Try armorall sheild for glass that is quite a goodn aswell. I put g1 on mine and it still beads like crazy


----------



## AllenF (Aug 20, 2012)

Yeah the heated mirrors probably only come on when the rear or front screen is on.
Wont do any harm the element is on the back of the mirror.
The coating is just anti glare but if you clean them with glass cleaner ipa etc etc then rainx certainly isnt going to affect it ( not like wire wool and sulphuric acid )


----------



## Dannbodge (Sep 26, 2010)

I put gtech G5 on all my heated mirrors and it's fine


----------



## Sutty 90 (Aug 24, 2014)

Never had any problems on heated windows so I don't see why it would effect the mirrors as they are made off glass too.

Sutty.


----------



## Jack R (Dec 15, 2014)

Never had any problems with this on any of my glass (heated front and rear glass and mirrors) only thing I've found is that on the mirrors you do get a few water marks ! Mainly because the water is not moving along like on the windscreen :thumb:


----------



## KarateKid (Oct 13, 2014)

I don't think applying RainX on your heated mirrors will give you any trouble.... but...

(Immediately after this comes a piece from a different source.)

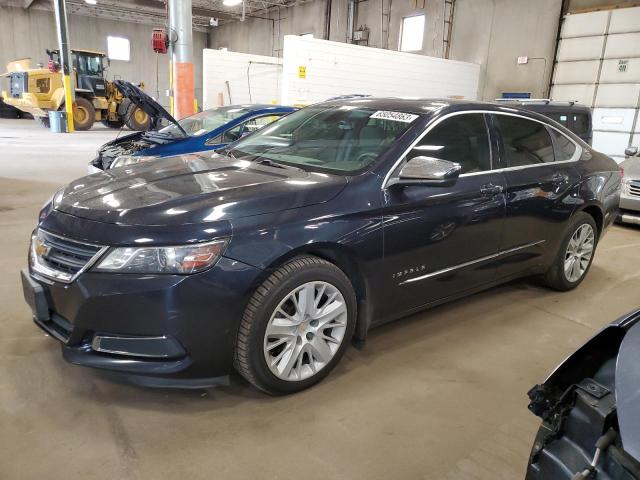 chevrolet impala ls 2014 2g11y5sl0e9214364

I've applied sealant and a bit of QD to mine and all I get is beading... Looks nice, but I actually want the water to feck off, not sit there and look all pretty and that! Not to mention it limits visibility... 

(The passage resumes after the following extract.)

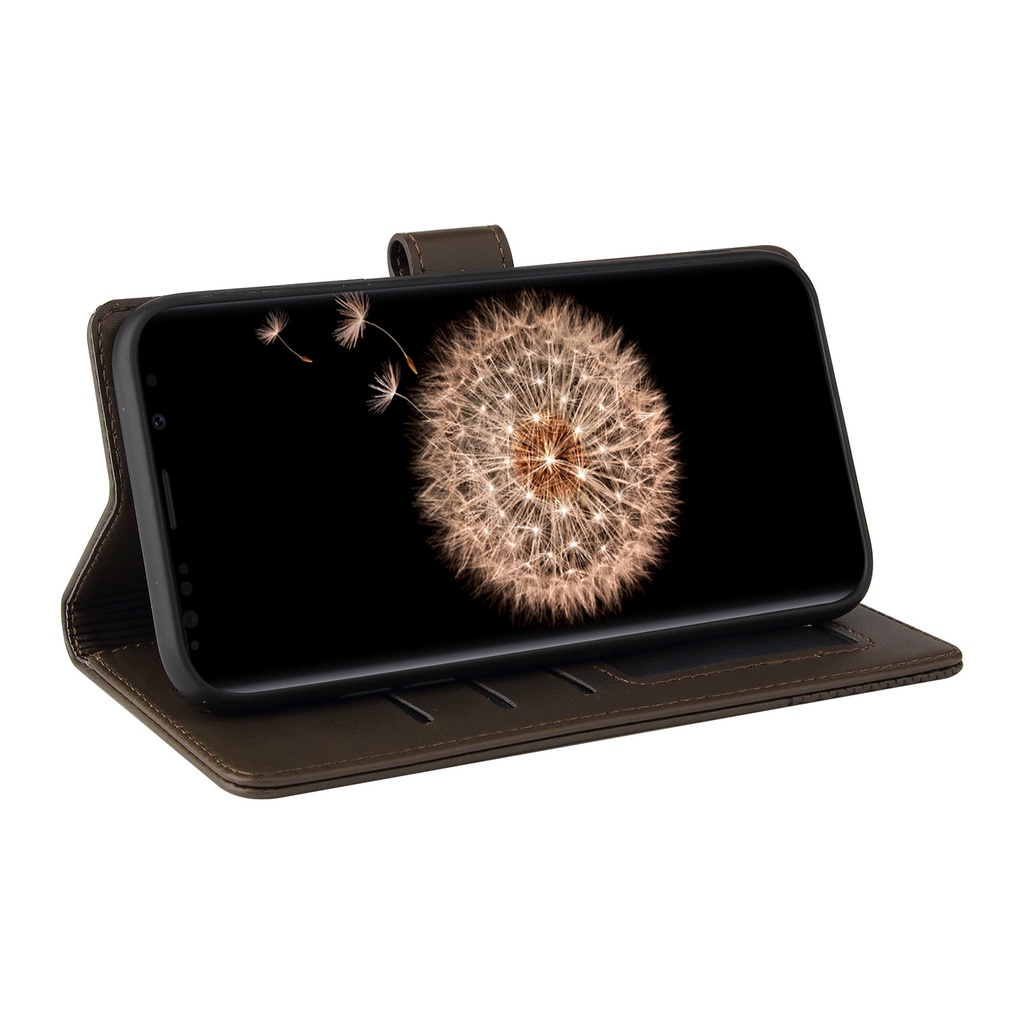 Case for SAMSUNG GALAXY S9+ / S9 PLUS / S9 009 Ốp lưng da PU cho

I'm thinking of taking all the protection of and leaving them bare, so to speak. In the hope that any water will just run off and not sit on the glass... if that make sense.


----------



## streaky (Dec 2, 2006)

I use Rainx on my heated mirrors regularly and have never had a problem


----------



## bazz (May 15, 2007)

use rain x on my focus heated front/rear and door mirror glass with no probs what so ever.
so you should be fine fella


----------



## VW Golf-Fan (Aug 3, 2010)

Thanks chaps. :thumb:


----------



## rojer386 (Mar 15, 2008)

I use Angelwax H2Go on my heated mirrors and my heated rear screen with no problems.


----------



## AndyFL2 (Nov 2, 2011)

No on/off switch that i'm aware off on my beema, it seems they are on all the time whether i like it or not....and no problems with rainX.


----------



## Blueberry (Aug 10, 2007)

AndyFL2 said:


> No on/off switch that i'm aware off on my beema, it seems they are on all the time whether i like it or not....and no problems with rainX.


Could be linked to your heated rear window (or heated front screen if you have one). Mine is.


----------



## MagpieRH (May 27, 2014)

Blueberry said:


> Could be linked to your heated rear window (or heated front screen if you have one). Mine is.


Yup, mine are also on the same switch as the heated rear screen :thumb:


----------



## blackS2000 (Aug 4, 2010)

My Honda's heated mirrors are on all the time as was the mirrors of every Rover I've owned .

Rain X and all the other rain repellent products I've used over the years have had no effect on the glass at all .


----------